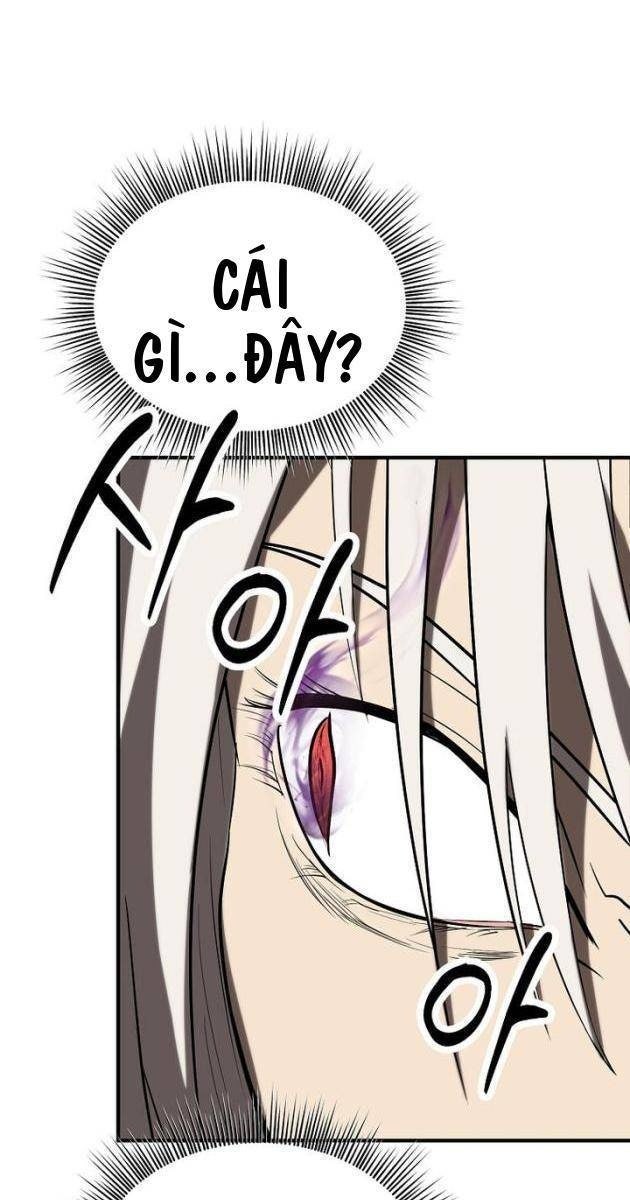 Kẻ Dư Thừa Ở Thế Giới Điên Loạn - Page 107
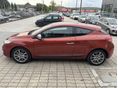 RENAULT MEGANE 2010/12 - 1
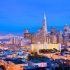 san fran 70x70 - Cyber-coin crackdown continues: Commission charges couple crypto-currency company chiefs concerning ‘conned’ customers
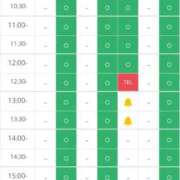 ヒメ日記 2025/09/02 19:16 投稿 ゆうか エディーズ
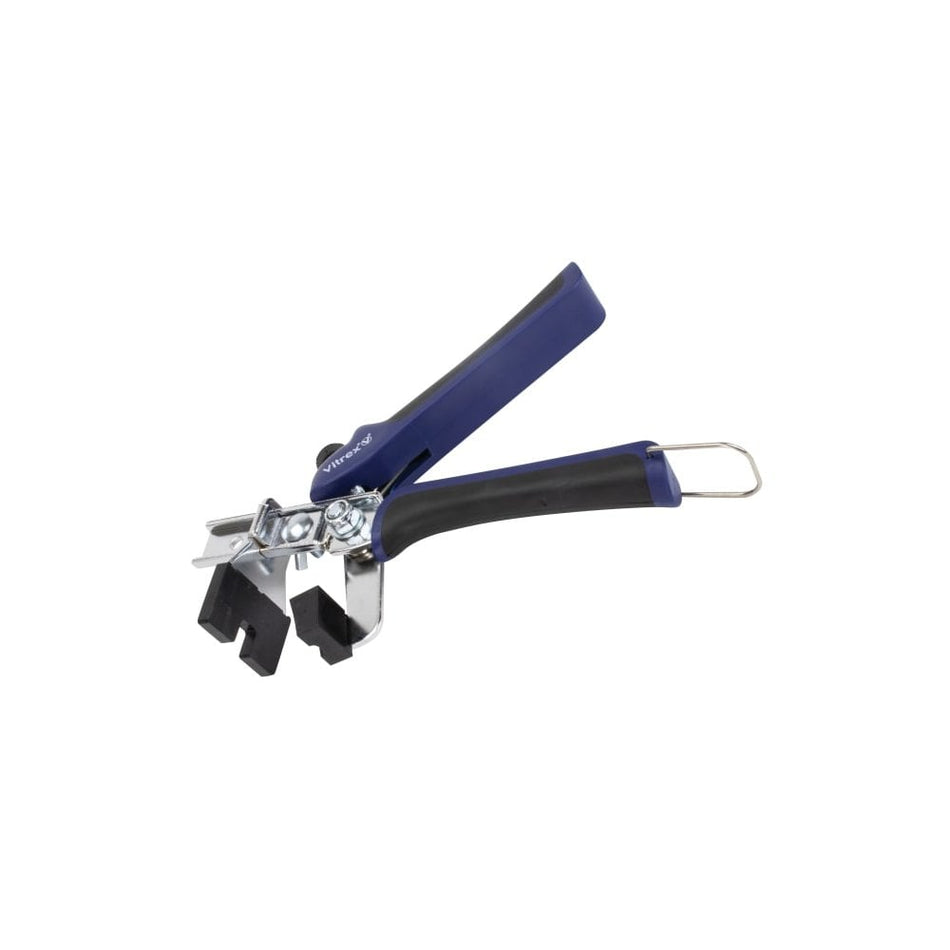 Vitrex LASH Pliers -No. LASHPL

...

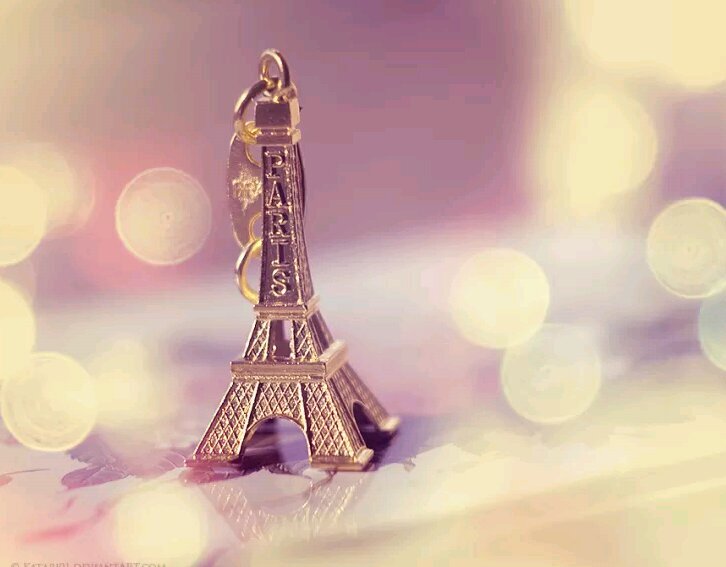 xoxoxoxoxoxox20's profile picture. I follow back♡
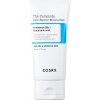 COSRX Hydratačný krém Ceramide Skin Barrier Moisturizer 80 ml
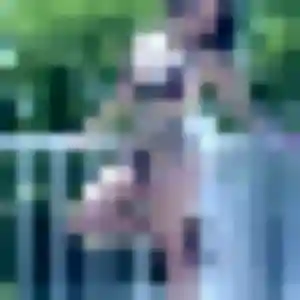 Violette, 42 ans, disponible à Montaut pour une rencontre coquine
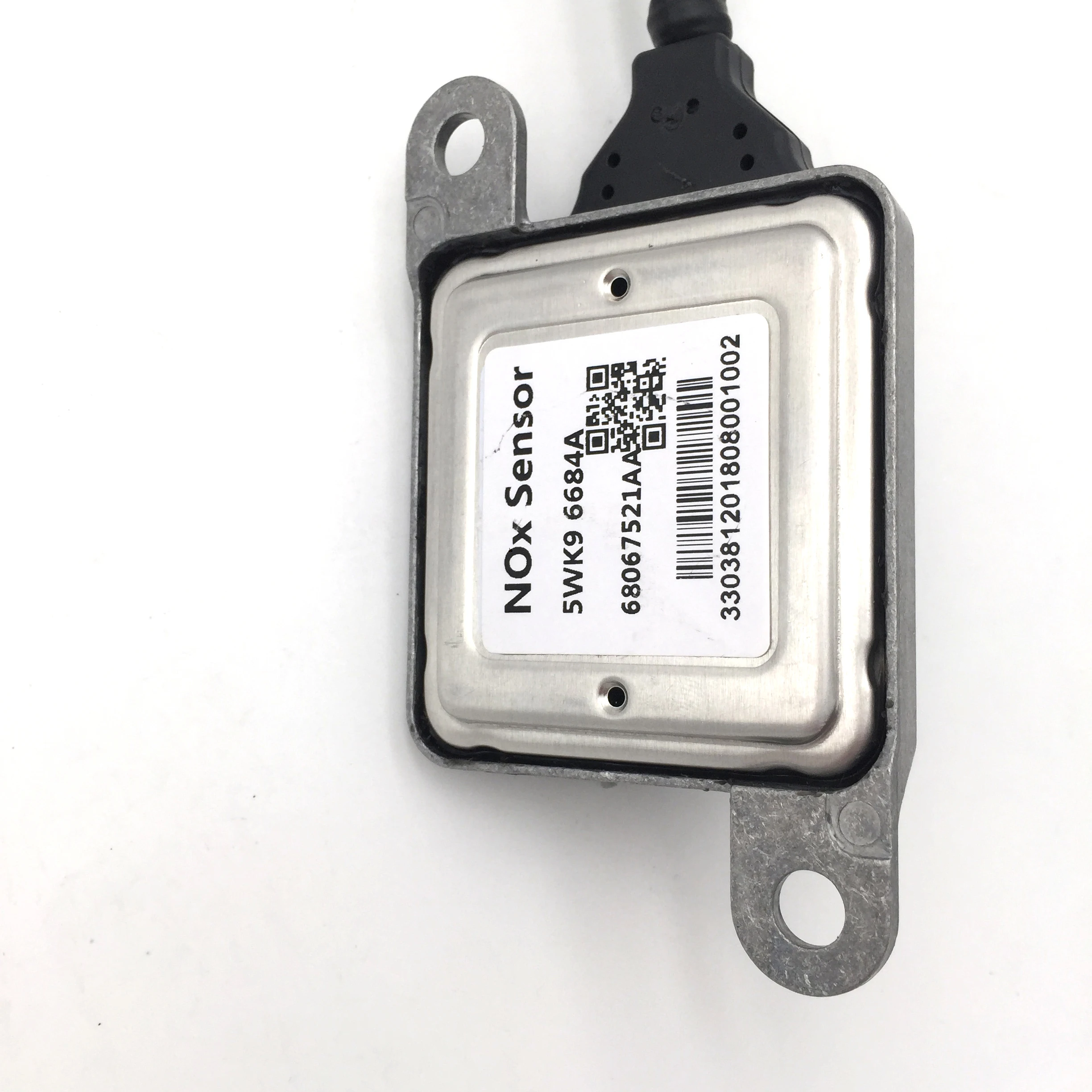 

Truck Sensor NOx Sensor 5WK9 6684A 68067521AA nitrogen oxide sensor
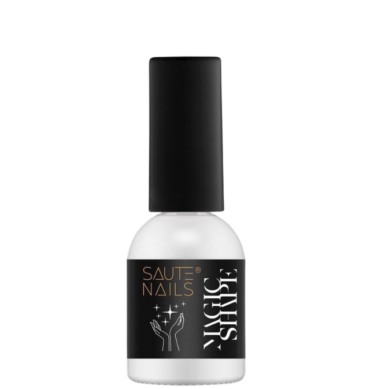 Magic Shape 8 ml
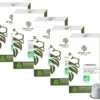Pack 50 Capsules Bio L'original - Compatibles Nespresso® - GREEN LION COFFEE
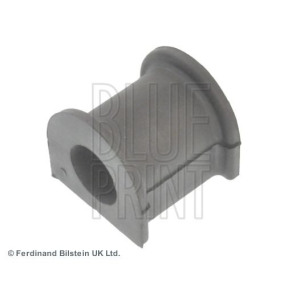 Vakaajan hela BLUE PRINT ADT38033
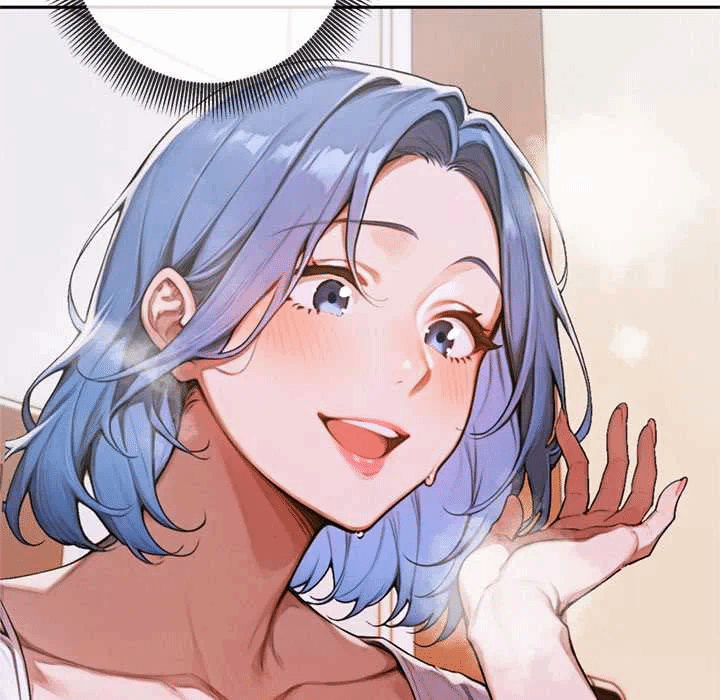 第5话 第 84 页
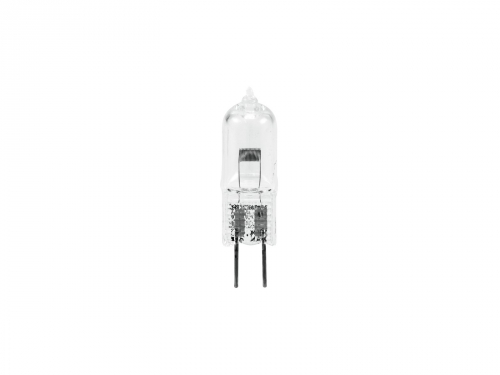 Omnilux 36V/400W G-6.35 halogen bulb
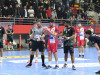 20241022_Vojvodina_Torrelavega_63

...

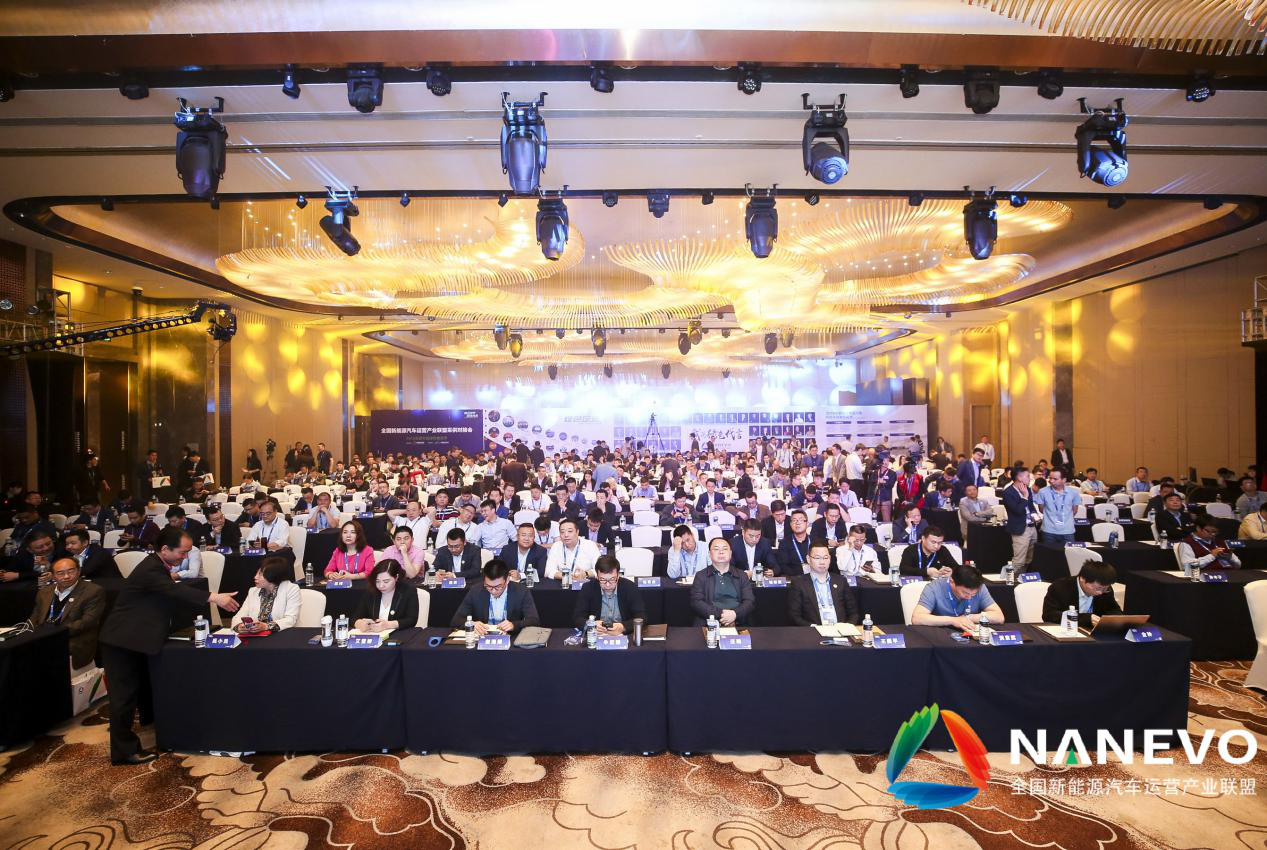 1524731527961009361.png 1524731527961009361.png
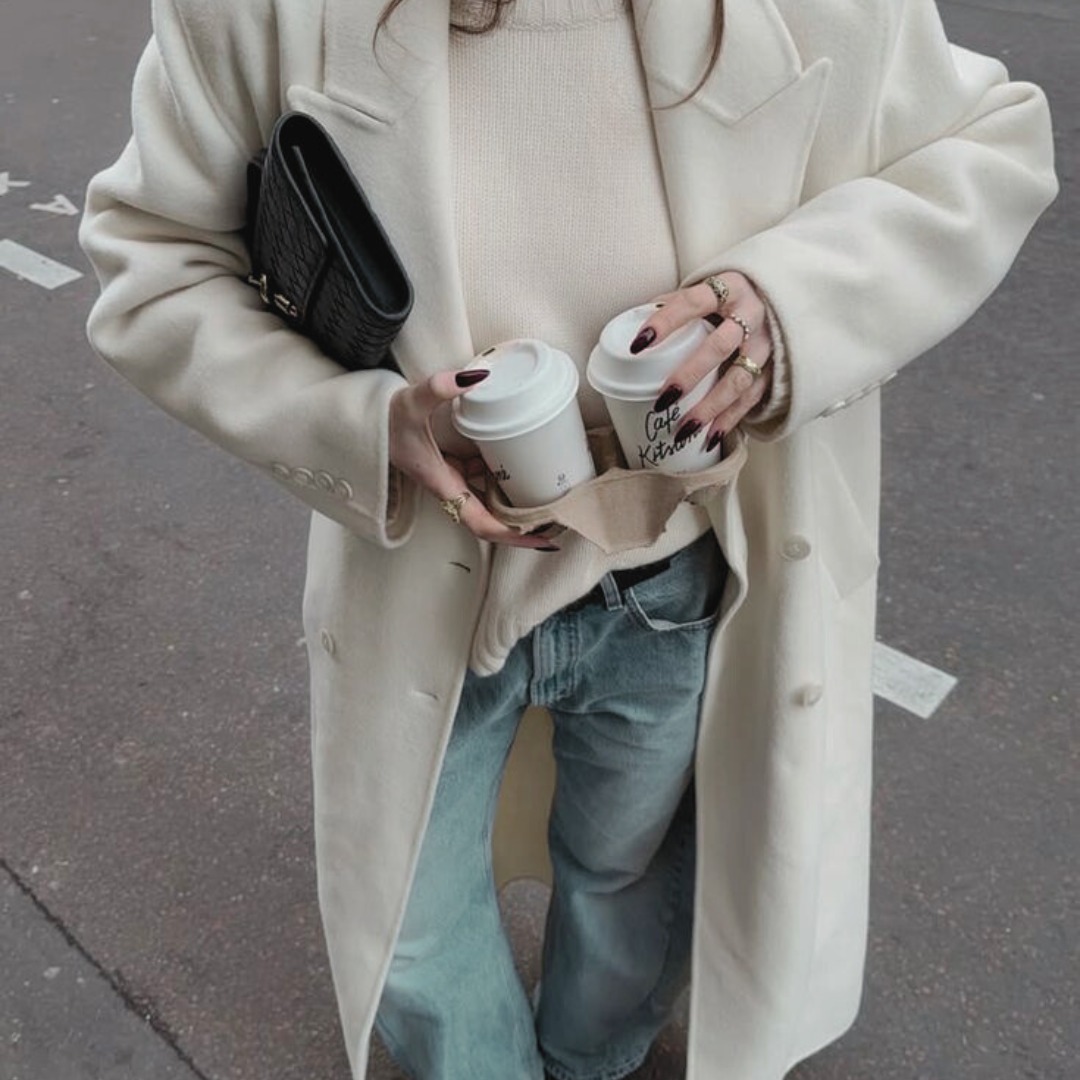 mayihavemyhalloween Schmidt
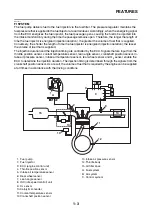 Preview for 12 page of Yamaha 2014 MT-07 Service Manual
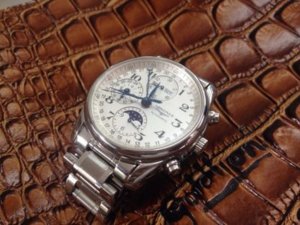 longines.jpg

[WHAT TO DO]: Only one stretch of the material above is wanted: the line containing "san fran 70x70" through the line containing "Vitrex LASH Pliers -No. LASHPL". Restate it word for word, minus the pictures.

[WRITTEN ANSWER]:
 san fran 70x70 - Cyber-coin crackdown continues: Commission charges couple crypto-currency company chiefs concerning ‘conned’ customers
 ヒメ日記 2025/09/02 19:16 投稿 ゆうか エディーズ
 Vitrex LASH Pliers -No. LASHPL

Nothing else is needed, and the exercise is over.